- _WHAT THE EXERCISE ASKS_
Print the listing below a second time, exactly, and omit its images.

- _AVAILABLE DATA_
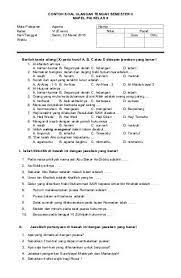 Soal Uts Pendidikan Agama Islam Ktsp Kelas 6 Semester 2 Islam Semester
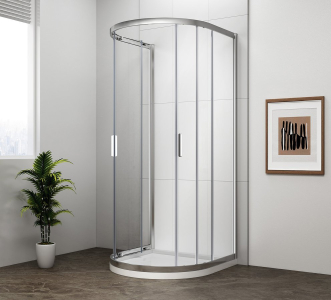 Polysan EASY půlkruhová sprchová zástěna 900x900mm, čiré sklo EL4615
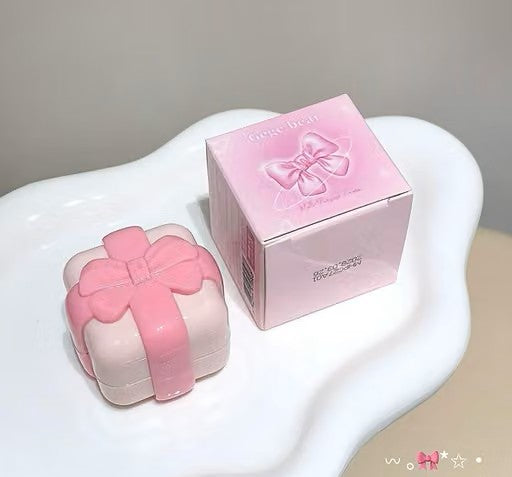 Gege Bear Ribbon Gift Blush| Whimsical Cream Blush with a Bow | Soft Pink Matte Lip & Cheek Color | Gege Bear Multipurpose Beauty Balm | Ribbon Compact Blush for a Soft Pop of Color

- _SOLUTION BELOW_
 Soal Uts Pendidikan Agama Islam Ktsp Kelas 6 Semester 2 Islam Semester
 Polysan EASY půlkruhová sprchová zástěna 900x900mm, čiré sklo EL4615
 Gege Bear Ribbon Gift Blush| Whimsical Cream Blush with a Bow | Soft Pink Matte Lip & Cheek Color | Gege Bear Multipurpose Beauty Balm | Ribbon Compact Blush for a Soft Pop of Color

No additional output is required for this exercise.